* Exercise details *
An exact copy of every record below is needed, with the pictures left out.

* Records provided *

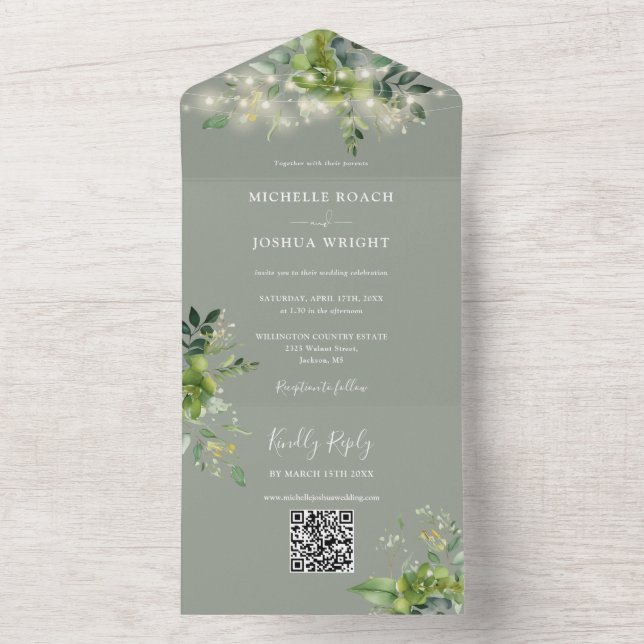 Luzes de Corda Folhagem Código QR Casamento Verde  (Interno)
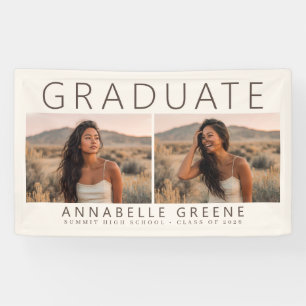 Lona Estandarte de Graduación de Foto Boho Moderno Grad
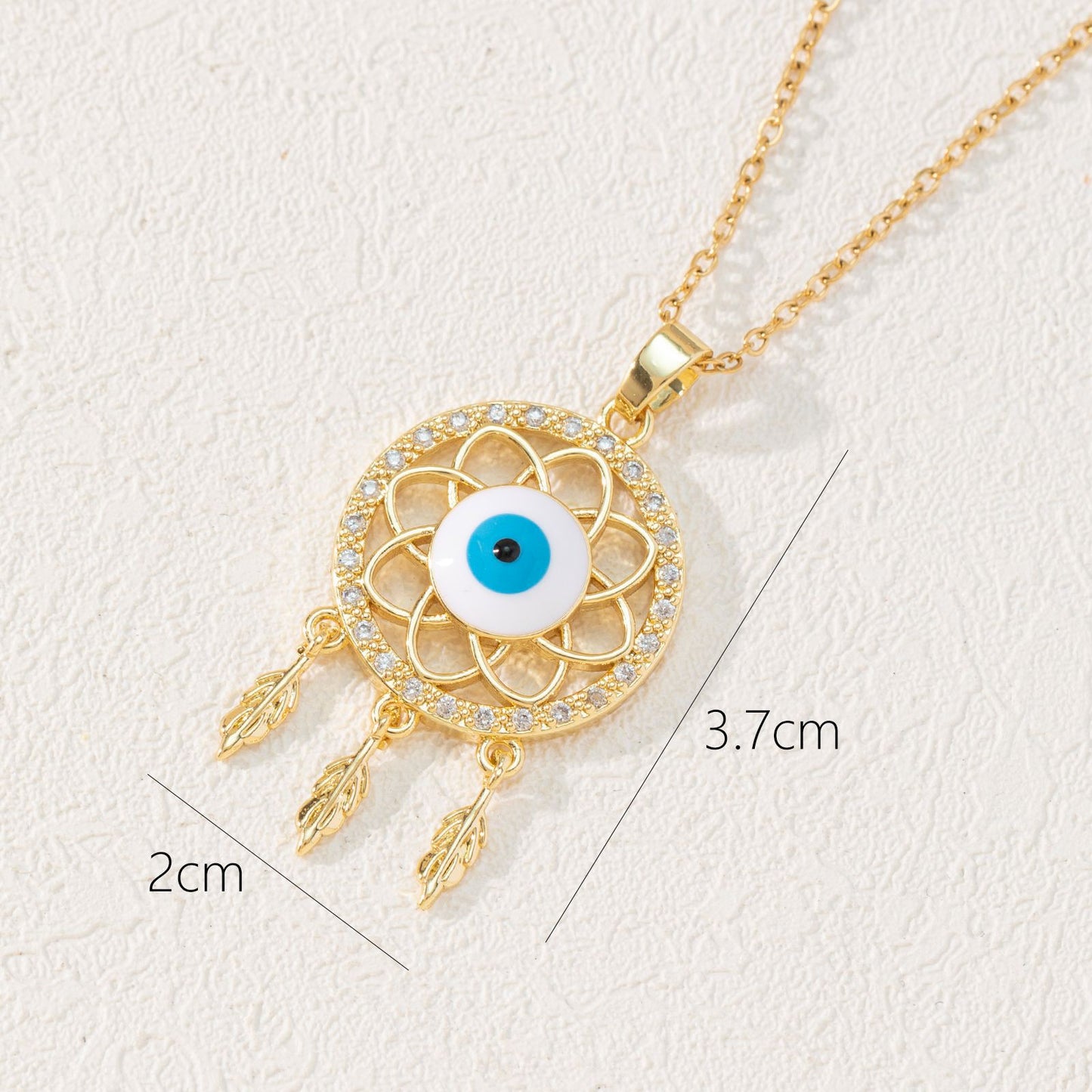 Style Fashion Dripping Zircon Eye Pendant Necklaces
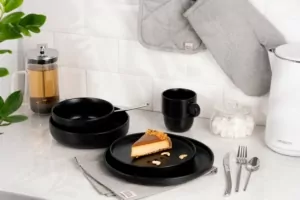 Ardesto Dessert plate  Trento, 20.5cm, ceramics, black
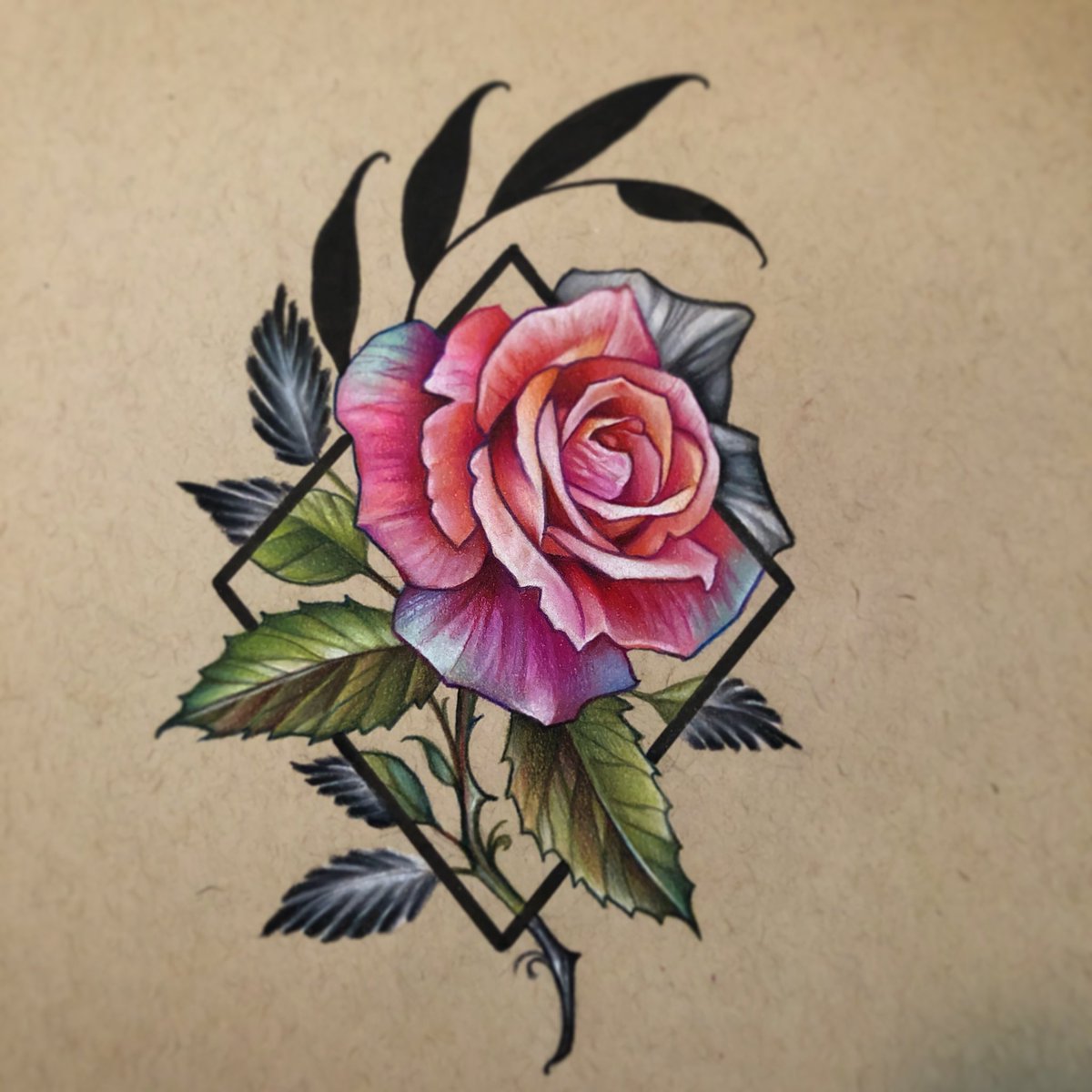 1200x1200 Meag Stouck On Twitter - Rose Tattoo Sketch
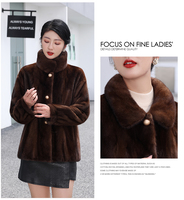 Direkter Fabrik verkauf Luxus Kurzer echter Nerz pelzmantel für Frauen Winter Casual Oberbekleidung mit Knopf dekoration Polyester futter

* Written solution *
 Luzes de Corda Folhagem Código QR Casamento Verde  (Interno)
 Lona Estandarte de Graduación de Foto Boho Moderno Grad
 Style Fashion Dripping Zircon Eye Pendant Necklaces
 Ardesto Dessert plate  Trento, 20.5cm, ceramics, black
 1200x1200 Meag Stouck On Twitter - Rose Tattoo Sketch
 Direkter Fabrik verkauf Luxus Kurzer echter Nerz pelzmantel für Frauen Winter Casual Oberbekleidung mit Knopf dekoration Polyester futter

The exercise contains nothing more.